Losses

Standard Implicit Loss Functions

A Collie model can’t train without a loss function, and Collie comes out-of-the-box with two different standard loss function calculations: Bayesian Personalized Ranking (BPR) loss and Hinge loss.

In its simplest form, each loss function accepts as input a prediction score for a positive item (an item a user has interacted with), and a prediction score for a negative item (an item a user has not interacted with). While the mathematical details differ between each loss, generally, all implicit losses will punish a model for ranking a negative item higher than a positive item. The severity of this punishment differs across loss functions, as shown in the example below.

import torch

from collie.loss import bpr_loss, hinge_loss


# an ideal loss case
positive_score = torch.tensor([3.0])
negative_score = torch.tensor([1.5])

print('BPR Loss:  ', bpr_loss(positive_score, negative_score))
print('Hinge Loss:', hinge_loss(positive_score, negative_score))

print('\n-----\n')

# a less-than-ideal loss case
positive_score = torch.tensor([1.5])
negative_score = torch.tensor([3.0])

print('BPR Loss:  ', bpr_loss(positive_score, negative_score))
print('Hinge Loss:', hinge_loss(positive_score, negative_score))
BPR Loss:   tensor(0.2157)
Hinge Loss: tensor(0.)

-----

BPR Loss:   tensor(1.4860)
Hinge Loss: tensor(8.7500)

Adaptive Implicit Loss Functions

Some losses extend this idea by being “adaptive,” or accepting multiple negative item prediction scores for each positive score. These losses are typically much more punishing than “non-adaptive” losses, since they allow more opportunities for the model to incorrectly rank a negative item higher than a positive one. These losses include Adaptive Bayesian Personalized Ranking loss, Adaptive Hinge loss, and Weighted Approximately Ranked Pairwise (WARP) loss.

import torch

from collie.loss import adaptive_bpr_loss, adaptive_hinge_loss, warp_loss


# an ideal loss case
positive_score = torch.tensor([3.0])
many_negative_scores = torch.tensor([[1.5], [0.5], [1.0]])

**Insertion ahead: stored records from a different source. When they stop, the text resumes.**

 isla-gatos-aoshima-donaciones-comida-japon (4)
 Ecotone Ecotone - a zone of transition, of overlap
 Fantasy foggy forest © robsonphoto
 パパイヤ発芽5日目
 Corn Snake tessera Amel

print('Adaptive BPR Loss:  ', adaptive_bpr_loss(positive_score, many_negative_scores))
print('Adaptive Hinge Loss:', adaptive_hinge_loss(positive_score, many_negative_scores))
print('WARP Loss:          ', warp_loss(positive_score, many_negative_scores, num_items=3))

print('\n-----\n')

# a less-than-ideal loss case
positive_score = torch.tensor([1.5])
many_negative_scores = torch.tensor([[2.0], [3.0], [2.5]])

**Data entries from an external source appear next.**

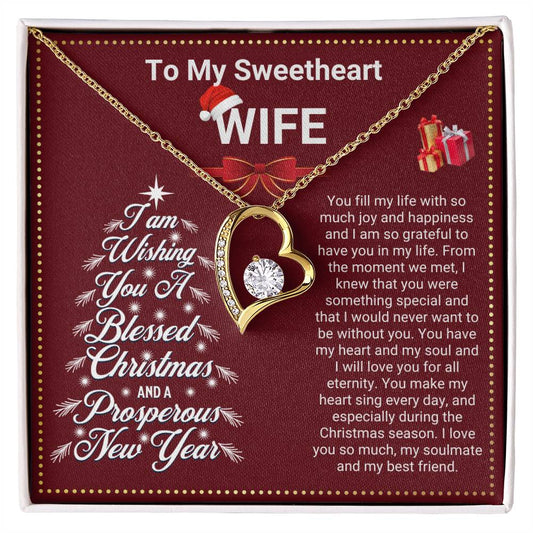 JGF Jewelry Gifts for Family Christmas Message Card For Wife Heart Shaped Necklaces For Women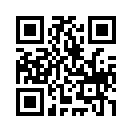 QR CODE 493
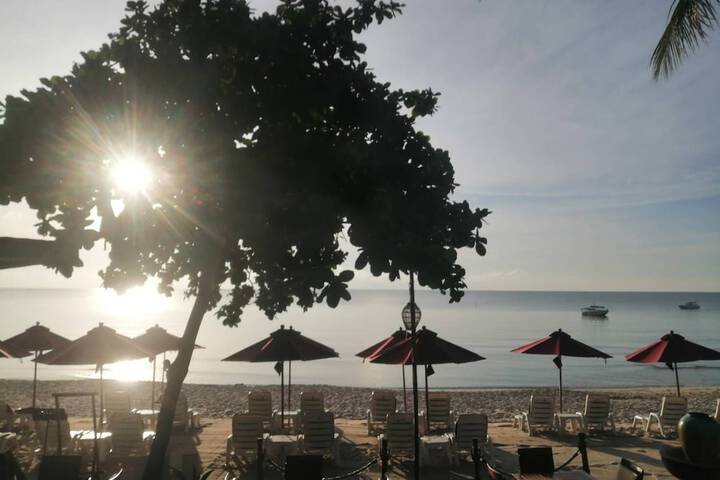 Beach 66 of 81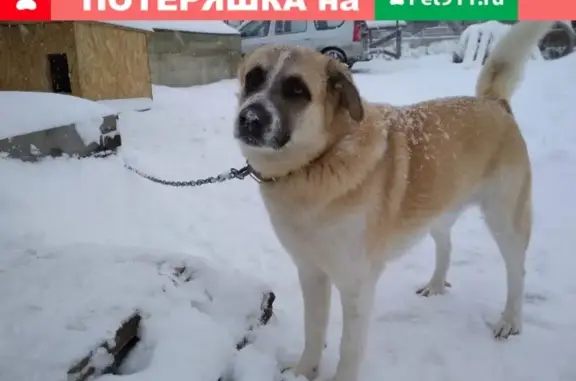 Пропала собака в Старом Городке, Московская область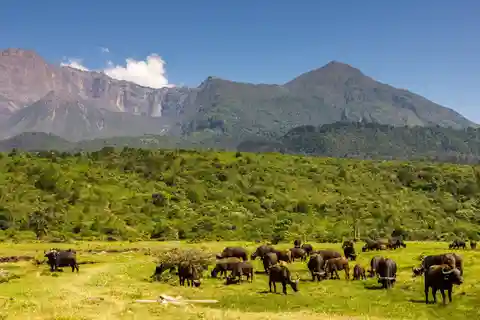 Viagem de 1 dia ao Parque Nacional de Arusha com safaris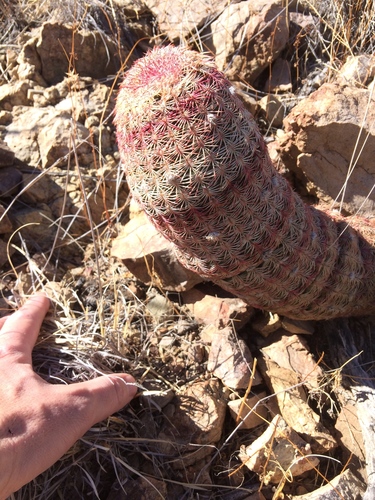 rainbow hedgehog cactus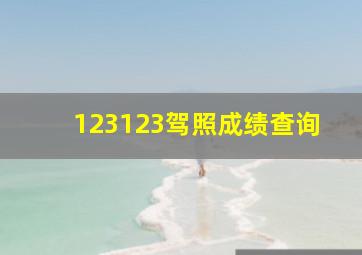 123123驾照成绩查询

print('Adaptive BPR Loss:  ', adaptive_bpr_loss(positive_score, many_negative_scores))
print('Adaptive Hinge Loss:', adaptive_hinge_loss(positive_score, many_negative_scores))
print('WARP Loss:          ', warp_loss(positive_score, many_negative_scores, num_items=3))
print('WARP Loss:          ', warp_loss(positive_score, many_negative_scores, num_items=30))

print('\n-----\n')

# a case where multiple negative items gives us greater opportunity to correct the model
positive_score = torch.tensor([1.5])
many_negative_scores = torch.tensor([[1.0], [4.0], [1.49]])

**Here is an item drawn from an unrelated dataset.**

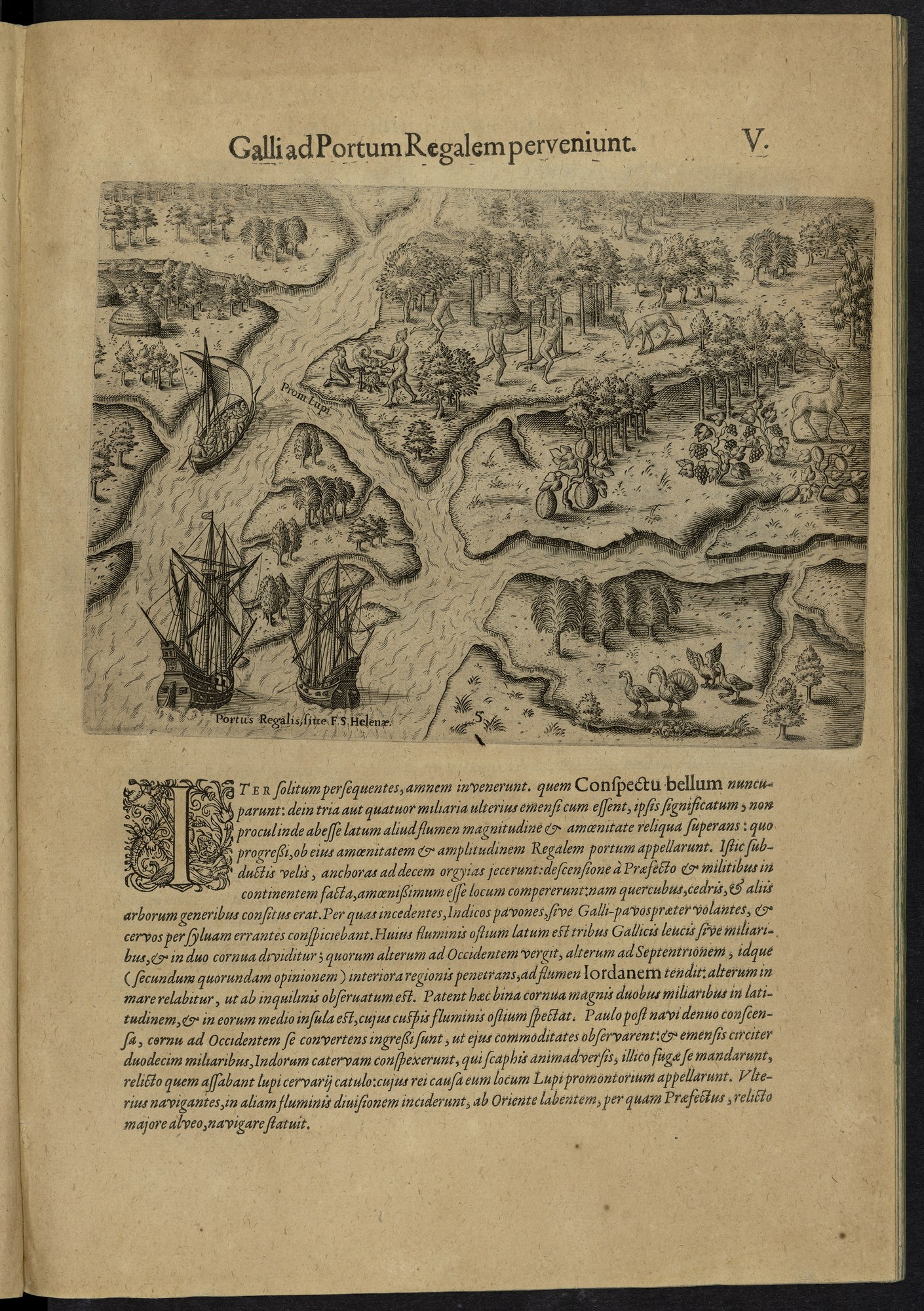 THEODORE DE BRY LES GRANDS VOYAGES (1590-1634), LIVRE II, 1591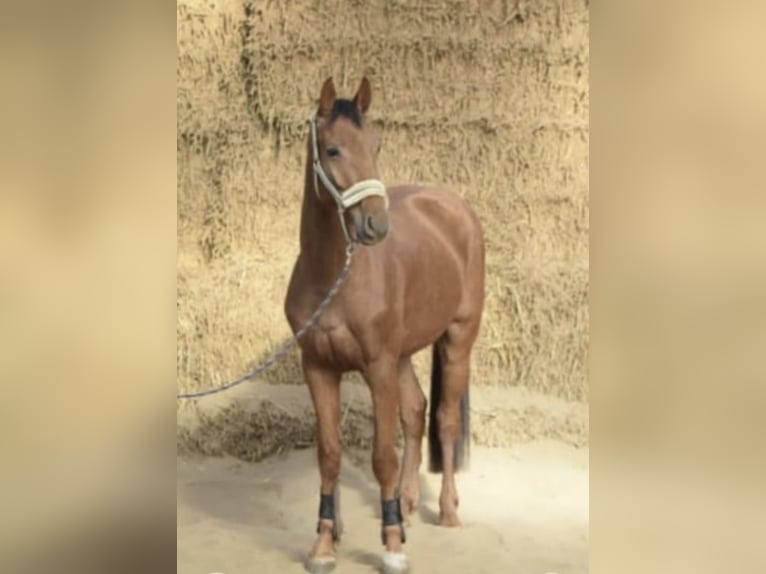 Westfaliano Castrone 4 Anni 165 cm Sauro ciliegia in Gummersbach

print('Adaptive BPR Loss:  ', adaptive_bpr_loss(positive_score, many_negative_scores))
print('Adaptive Hinge Loss:', adaptive_hinge_loss(positive_score, many_negative_scores))
print('WARP Loss:          ', warp_loss(positive_score, many_negative_scores, num_items=3))
print('WARP Loss:          ', warp_loss(positive_score, many_negative_scores, num_items=30))
Adaptive BPR Loss:   tensor(0.2157)
Adaptive Hinge Loss: tensor(0.)
WARP Loss:           tensor(0.)

-----

Adaptive BPR Loss:   tensor(1.4860)
Adaptive Hinge Loss: tensor(8.7500)
WARP Loss:           tensor(4.3636)
WARP Loss:           tensor(31.1301)

-----

Adaptive BPR Loss:   tensor(1.7782)
Adaptive Hinge Loss: tensor(15.7500)
WARP Loss:           tensor(0.8510)
WARP Loss:           tensor(4.5926)

Partial Credit Loss Functions

If you have item metadata available, you might reason that not all losses should be equal. For example, say you are training a recommendation system on MovieLens data, where users interact with different films, and you are comparing a positive item, Star Wars, with two negative items: Star Trek and Legally Blonde.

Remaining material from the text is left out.